### DATASET SECTION
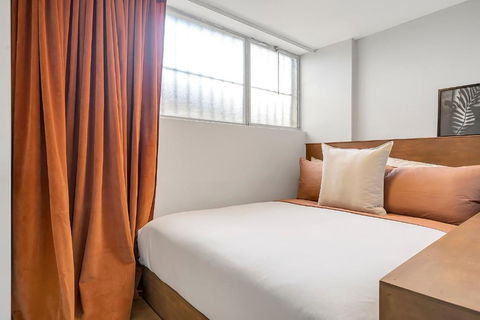 Aquarius - Luxe Inner City Abode - Accommodation Resorts 2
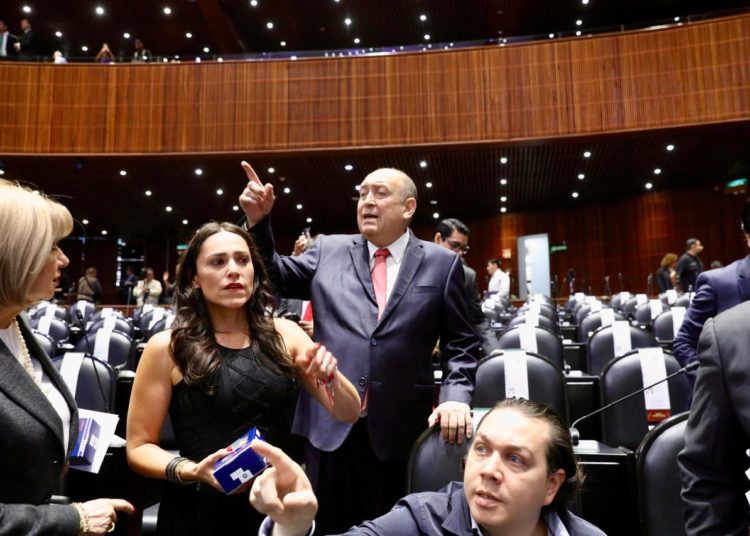 Abigail Arredondo rinde protesta como diputada federal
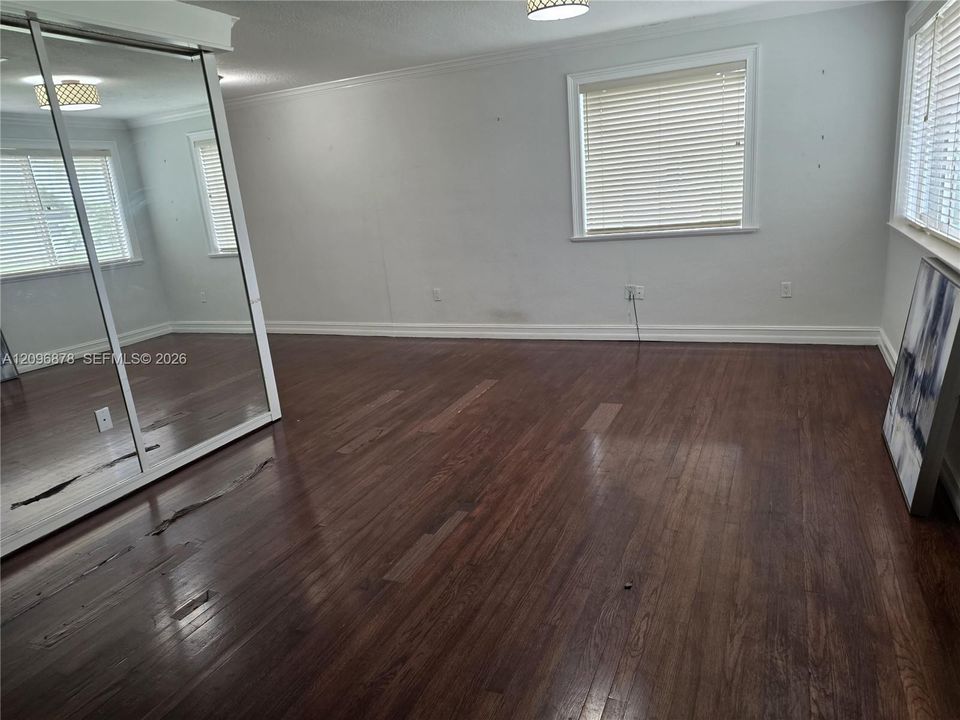 For Sale: $759,000 (5 beds, 4 baths, 2240 Square Feet)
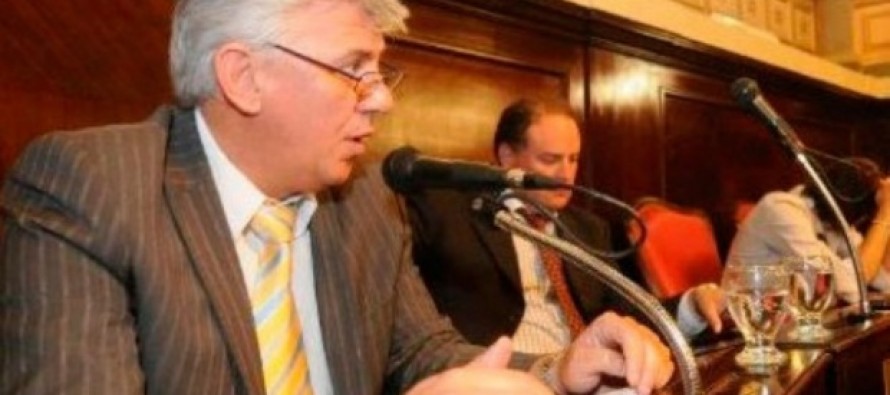 Ley de Municipales: Senador del FPV critica tratamiento y expone diferencias con su bloque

### TASK TO CARRY OUT
Your reply should restate the data above word for word and contain no pictures.

### ANSWER TO THE PROBLEM
 Aquarius - Luxe Inner City Abode - Accommodation Resorts 2
 Abigail Arredondo rinde protesta como diputada federal
 For Sale: $759,000 (5 beds, 4 baths, 2240 Square Feet)
 Ley de Municipales: Senador del FPV critica tratamiento y expone diferencias con su bloque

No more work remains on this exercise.